■ **Given entries**:
- - -

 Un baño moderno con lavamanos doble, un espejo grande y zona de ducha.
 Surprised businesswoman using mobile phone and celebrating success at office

- - -

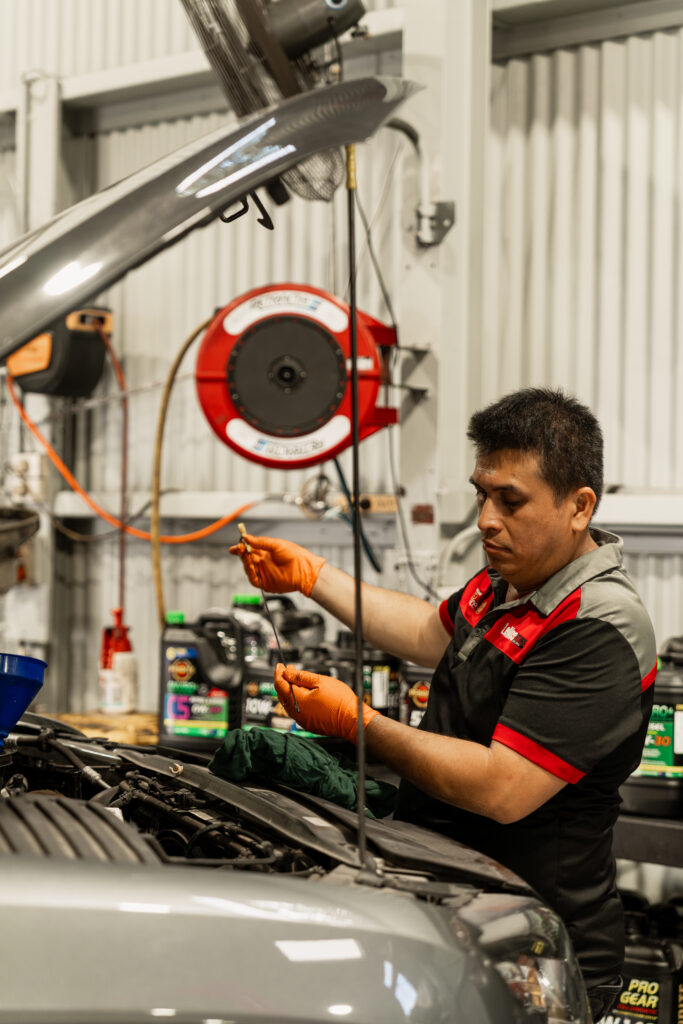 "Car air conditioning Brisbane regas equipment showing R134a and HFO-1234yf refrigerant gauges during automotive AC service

- - -

■ **Task statement**: Considering only the material above, set down every line from the one with "Un baño moderno" to the one with "Surprised businesswoman using", inclusive, exactly as written.

■ **Completed exercise**:
 Un baño moderno con lavamanos doble, un espejo grande y zona de ducha.
 Surprised businesswoman using mobile phone and celebrating success at office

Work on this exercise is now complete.